Mr Ludlow, who has died aged 91, was the founder leader of the National Youth Orchestra of Great Britain in 1948. He hailed originally from Birmingham and moved to Shropshire in 2004 with his wife Marilyn on his retirement.
He was a Professor at the Royal College of Music for 27 years and many of his students have achieved prominent positions throughout the music profession.
"The tributes that have come in are wonderful to read. He was very highly regarded," said his daughter, Erica Malcolmson.
One anecdote dates from his time as co-leader of the Royal Opera House Orchestra at Covent Garden, where the legendary ballerina Dame Margot Fonteyn was dancing in Swan Lake.
Erica said: "One day the leader was off, and he had to play the main solo. When Dame Margot came off she asked who had played the solo. She was told it was John Ludlow. 'I want him to play every time,' she said."
He would often teach his students at the Royal College of Music all morning, starting at 8am, and then afterwards head off to places like the South Bank or venues around the country for rehearsals and concerts with orchestras which he was leading.
Incidentally the leader of an orchestra is the most important person after the conductor, with whom he or she will liaise, and will generally be the most gifted violinist, usually plays the violin solos, and ensures the ensemble's standards of musical excellence.
Lifelong friend Paul Gray said: "John was always the consummate professional, but in two guises – the passionate musician, and the principled man.

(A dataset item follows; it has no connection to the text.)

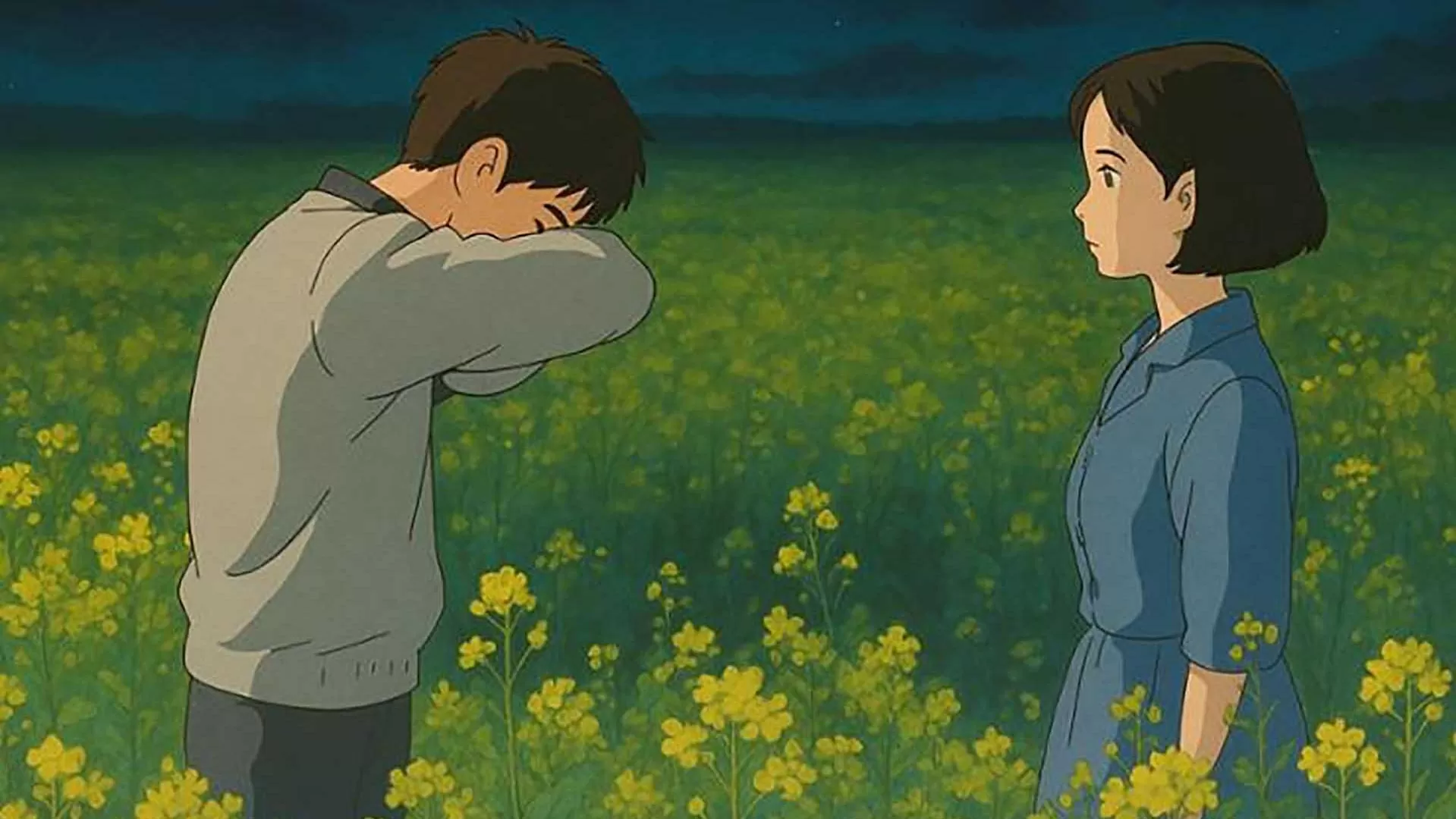 Khi AI tạo ảnh theo phong cách Ghibli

Such a winning combination."
Born in Edgbaston in 1931, Mr Ludlow came from a musical family, his father David Ludlow being leader and later conductor of the Birmingham Philharmonic Orchestra, and his mother Dorothy being a talented viola player.
Young John was educated at King Edward’s School in Birmingham, and then studied at the Royal College of Music, first with Henry Holst and subsequently with Manoug Parikian.
After doing his National Service in the Army he joined the Royal Philharmonic Orchestra, which was still then under legendary conductor Sir Thomas Beecham. He was then appointed leader of what was the Sadler’s Wells Opera Orchestra in 1957.
In the early 1960s he joined the BBC Symphony Orchestra, on the 2nd desk, moving on to be co-leader of the Royal Opera House Orchestra. He left Covent Garden to enter the freelance world in the late 1960s.
He played for Yehudi Menuhin’s Bath Festival Orchestra, and also become co-leader of the London Mozart Players.
In 1970 he returned to the Royal College of Music as professor, and from 1971, in what was hailed as a magical partnership, shared the leadership of the Guildford Philharmonic Orchestra with the famous violinist Hugh Bean.
Many other orchestras and ensembles saw Mr Ludlow leading from the front, including the London Concert Orchestra and the English National Orchestra.
Mr Ludlow continued to support the National Youth Orchestra throughout his life, not only as a donor, but also through helping Roberto Ruisi, who became its youngest ever leader in 2012 at the age of 15, by loaning him his Stradivarius violin for the orchestra's final three concerts of the 2014 season.
The gesture made national headlines. Mr Ludlow had been struck by similarities in his early life and that of his young successor, with both coming from Edgbaston and attending King Edward's School, and Roberto going to study at the Royal College of Music where he had taught, and he also saw a lot of his own style and musicianship in Roberto’s playing.
Mr Ludlow had bought the rare instrument, valued at £1 million and dating from about 1685, in 1965. It has since been sold.
Erica said her father had stopped playing violin around 15 years ago, or more.
"From the day he stopped he refused to play another note. I think you get to the point where, as in any sport or art, you can't play as well as you used to and you want to stop before you go downhill, and because you no longer enjoy it."
Mr Ludlow is survived by wife Marilyn, daughters Erica and Anna from his first marriage to violinist Katie, three grandchildren, and two great-grandchildren.
He died at home near Shrewsbury on September 29 and the funeral was at Shrewsbury crematorium on Wednesday, October 12.